> [EXERCISE PROMPT]:
Take the records below and set down exactly the lines from the one with "Tiger Fitness" to the one with "Dimensions=790x527", ends included; do not copy the pictures.

> [Scraped caption text data]:
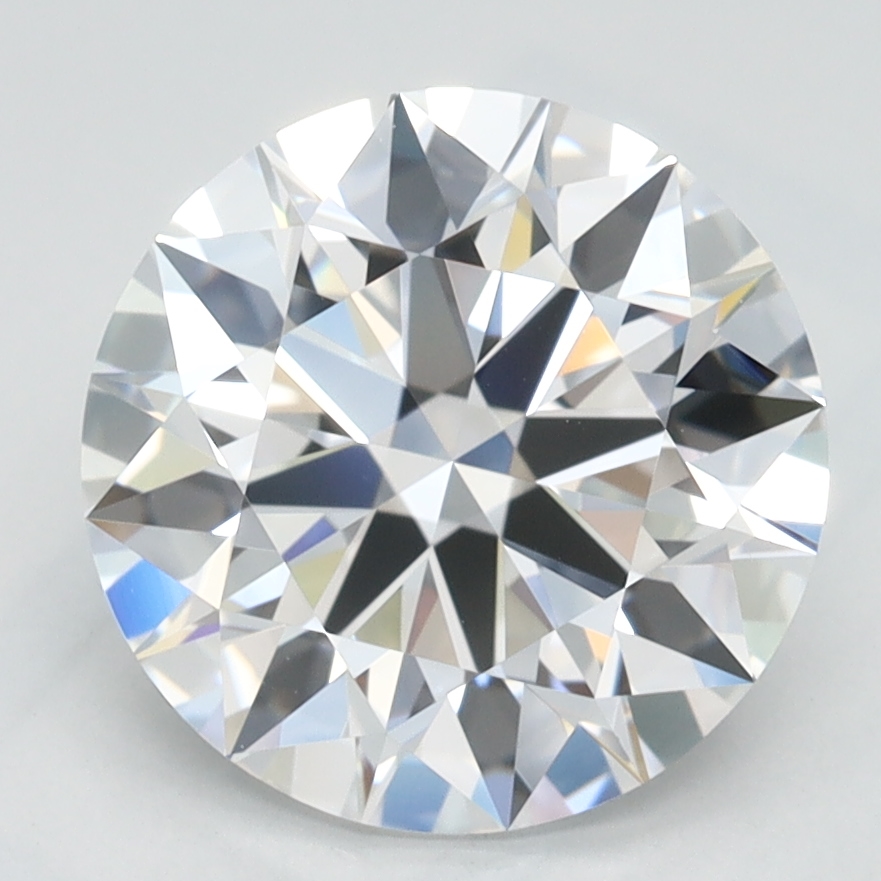 loose_diamonds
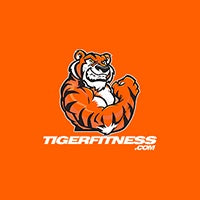 Tiger Fitness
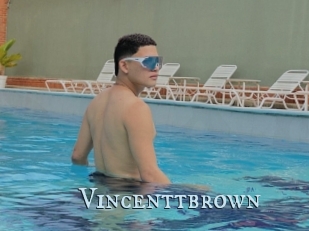 Vincenttbrown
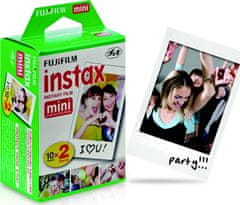 FujiFilm mini film Instax 20/1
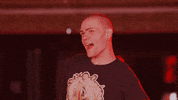 Dragula GIF by BouletBrothersDragula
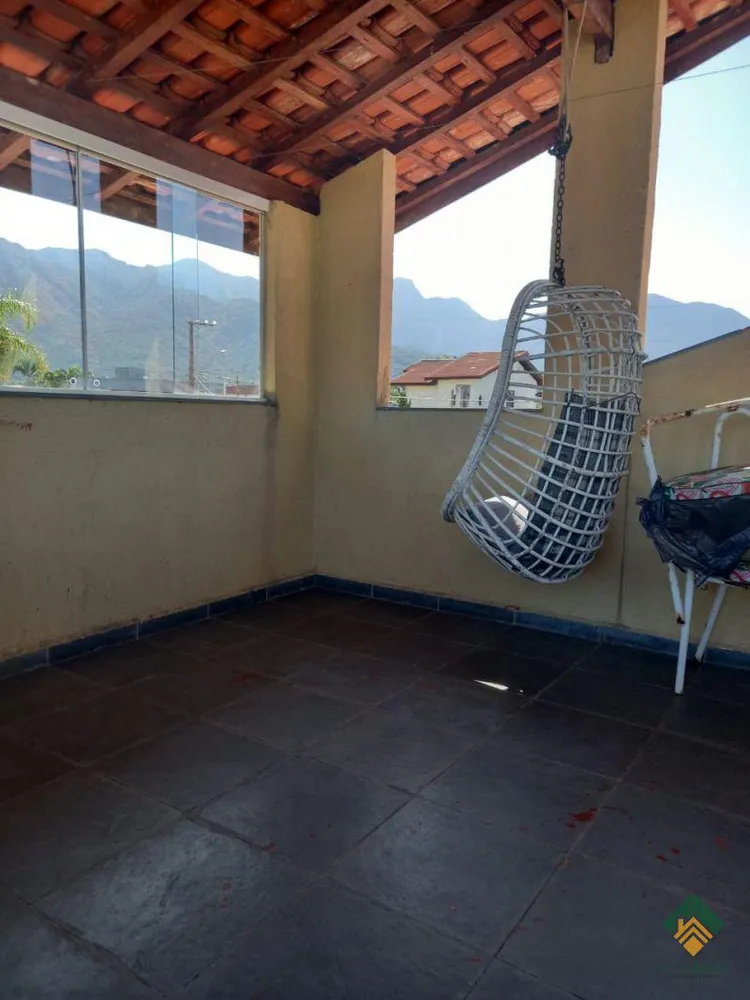 Casa, 4 quartos, 270 m² - Foto 3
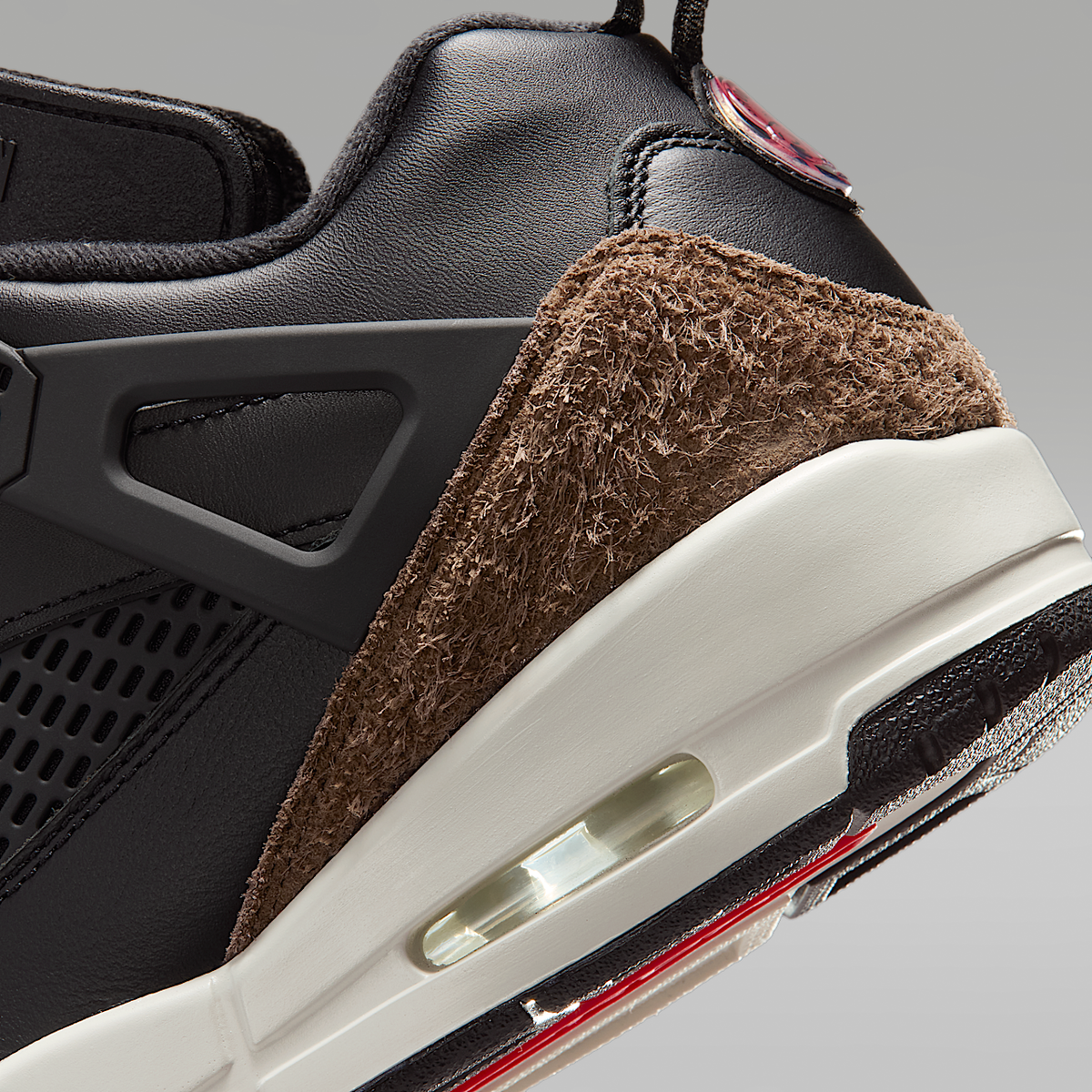 Jordan Spizike Low Men's Shoes FQ1759-014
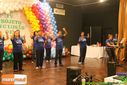 Filename=IMG_2931.jpg
Filesize=110KiB
Dimensions=790x527
Date added=Nov 28, 2014 IMG_2931.jpg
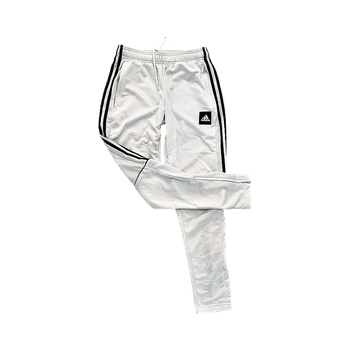 Adidas sweatpants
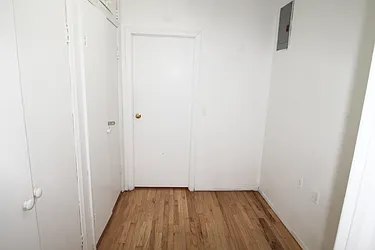 Rented by Migard Properties Inc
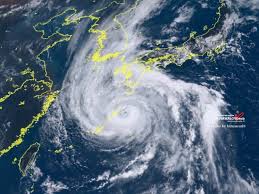 Jun 05, 2021 · きょう5日(土)は、台風3号が沖縄や奄美に接近して、雨や風が強まりそう。一方、本州付近は日差しがあって、気温上昇。札幌も夏日に。沖縄. å°é¢¨æƒ…å ± å°é¢¨ç¬¬10å· 9æœˆ6æ—¥10æ™‚36åˆ†ç™ºè¡¨ ä»Šæ—¥ã®æ²–ç¸„200906 æ²–ç¸„lovelog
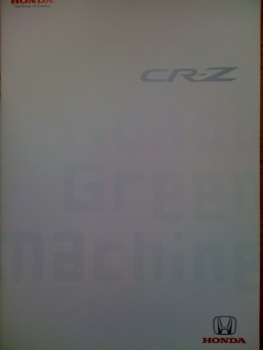 f:id:LiongHMD:20100330212638j:image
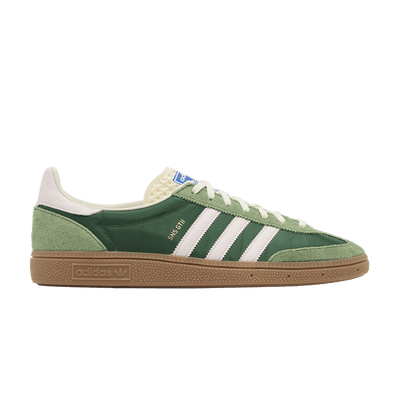 adidas GT II Sneakersnstuff London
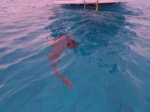 resIMG_20180613_083944_P6130406.JPG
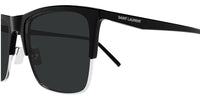 Saint Laurent SL Logo SL 768/F Sunglasses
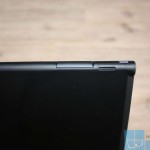 Lenovo Thinkpad Tablet 2 - links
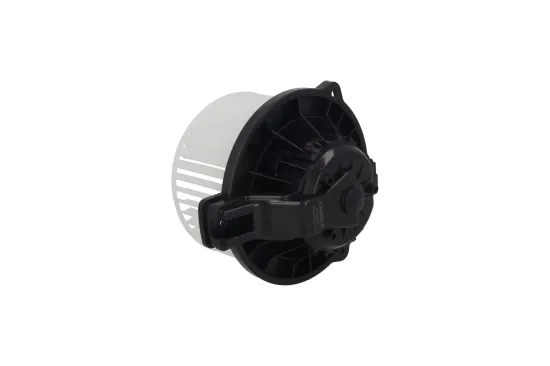Innenraumgebläse KAMOKA 7790219 Bild Innenraumgebläse KAMOKA 7790219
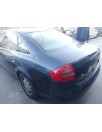 audi a6 berlina (4b2) del año 1998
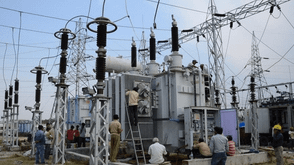EFCC blocks substandard power contract, seeks sector reforms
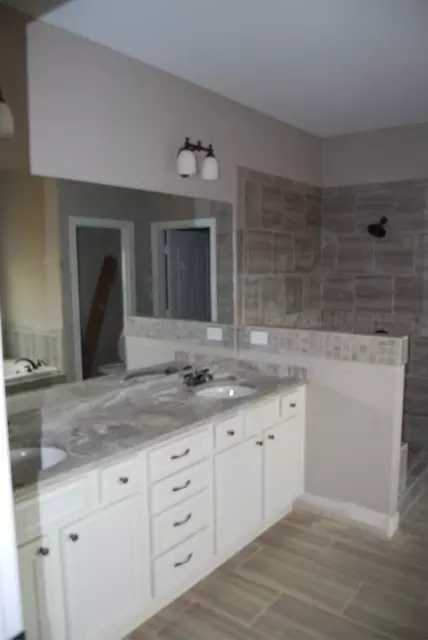 64 Jackson Dr, Forsyth, GA 31029 photo 10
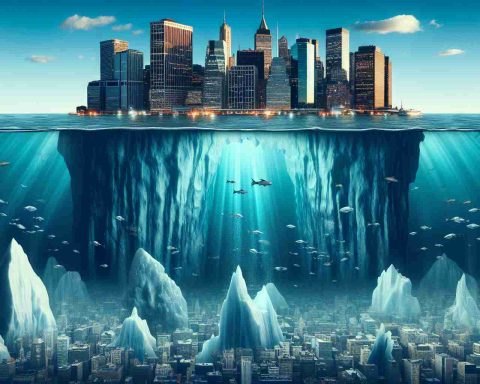 The Silent Threats Lurking Beneath Wall Street’s Record Highs The Silent Threats Lurking Beneath Wall Street’s Record Highs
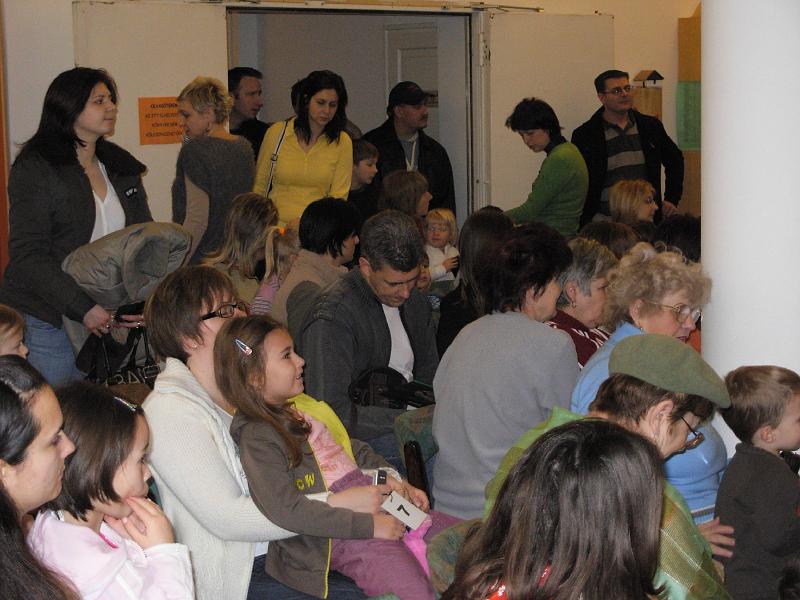 04.jpg - 2009.02.28.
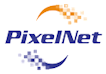 PixelNet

> [RESPONSE TO THIS EXERCISE]:
 Tiger Fitness
 Vincenttbrown
 FujiFilm mini film Instax 20/1
 Dragula GIF by BouletBrothersDragula
 Casa, 4 quartos, 270 m² - Foto 3
 Jordan Spizike Low Men's Shoes FQ1759-014
 Filename=IMG_2931.jpg
Filesize=110KiB
Dimensions=790x527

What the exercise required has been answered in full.